After the build and upgrade of Ubuntu to the latest kernel, I try to share folders. I get an error message stating that this can't be done in real time:
Subsequently, a run of vmware-hgfsclient in the terminal session of the guest VM shows the correct share name of the shared folder. However, there is no folder of the same name mounted in /mnt/hgfs on the guest VM.
I have also rebooted the VM after enabling shared folders (always enabled) on the VM, again with no mounted shared folders in /mnt/hgfs .
This is not the case for the Ubuntu 12.04 32bit VM running on the same system, as all shared folders are mounted correctly and automatically by VMware Tools.
Please advise. This appears to be a problem specific to Ubuntu 12.10. Compatibility grid shows this is a supported OS on WS 9.x.
I have this problem on 13.04, too.
Will you let me know if you still encoutered this issue with latest WS patch 9.0.2? If yes, what is your guest OS name and kernel version? Thanks!
Yes, it happens on 9.0.2. (At least as of last week.)
The fix I applied was documented in another thread -- the problem is the vmhgfs kernel module sources using a deprecated API that is gone in more modern kernels.
I fixed it locally by updating the vmhgfs sources to fix the problem, re-building the TAR file with the fixed sources, and then re-running the tool update pl script.

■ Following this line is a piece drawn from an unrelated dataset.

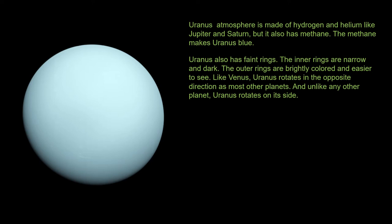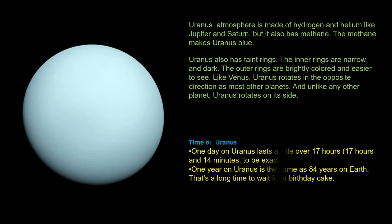And unlike any other planet, Uranus rotates on its side. One day on Uranus lasts a little over 17 hours. One year on Uranus is the same as 84 years on Earth.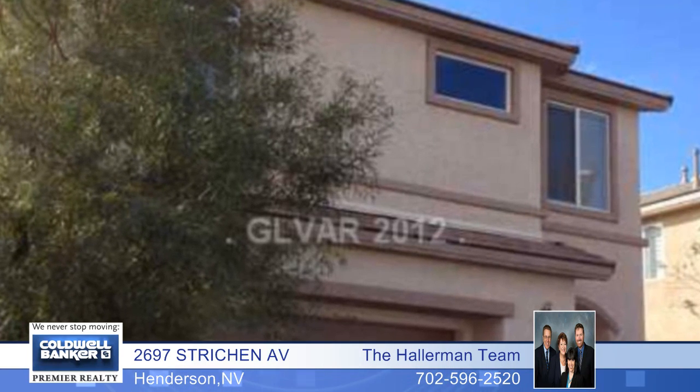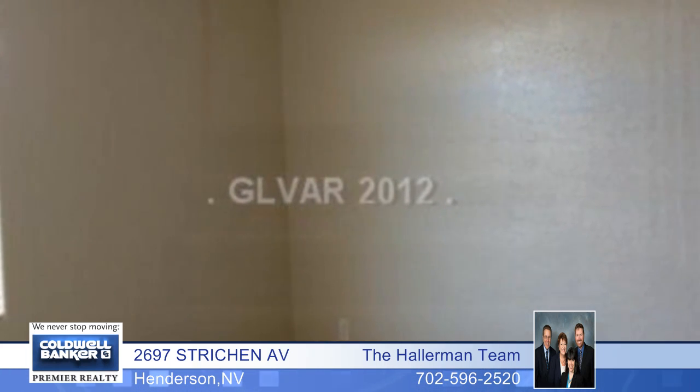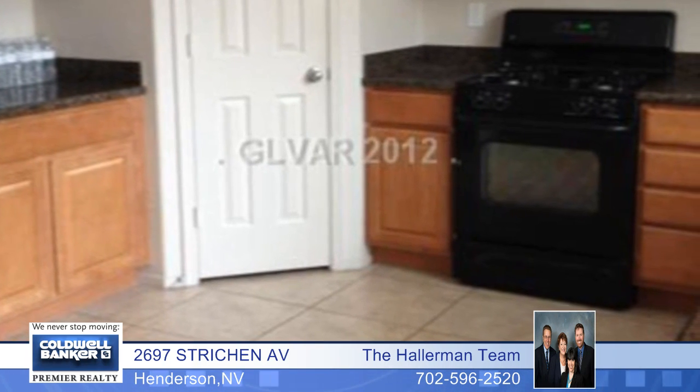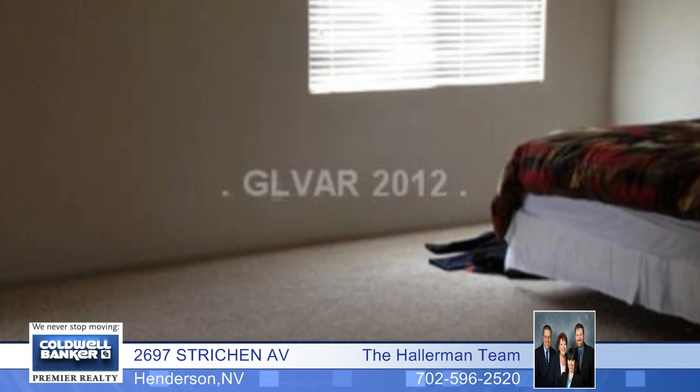Find the space you've been searching for with this wonderful two-story three-bedroom home with a spacious loft and a huge master suite. This home is nicely upgraded with granite counters and maple cabinetry, soft water loop, custom tile and carpet flooring, surround sound and a media niche.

This week, I'm installing 10, so we'll see if it's fixed there. (My prediction: No.)
Thanks! Actually the problem exists because when we shipt WS 9.0.1, Ubuntu 12.10 or Ubuntu 13.04 is not avaiable then. We are aware of this issue internally and we have bug tracking it. Thanks for your post!
Is jblaty solved this problems?
Yes, seems he did.Please refer to: https://communities.vmware.com/thread/456135
No, jblaty has not posted that he has a solution.
In the linked work-around, I worked around it for myself, by doing kernel-level C development, which is unlikely to count as a real fix for most people.
Also, that work-around has to happen each time I upgrade VMWare tools.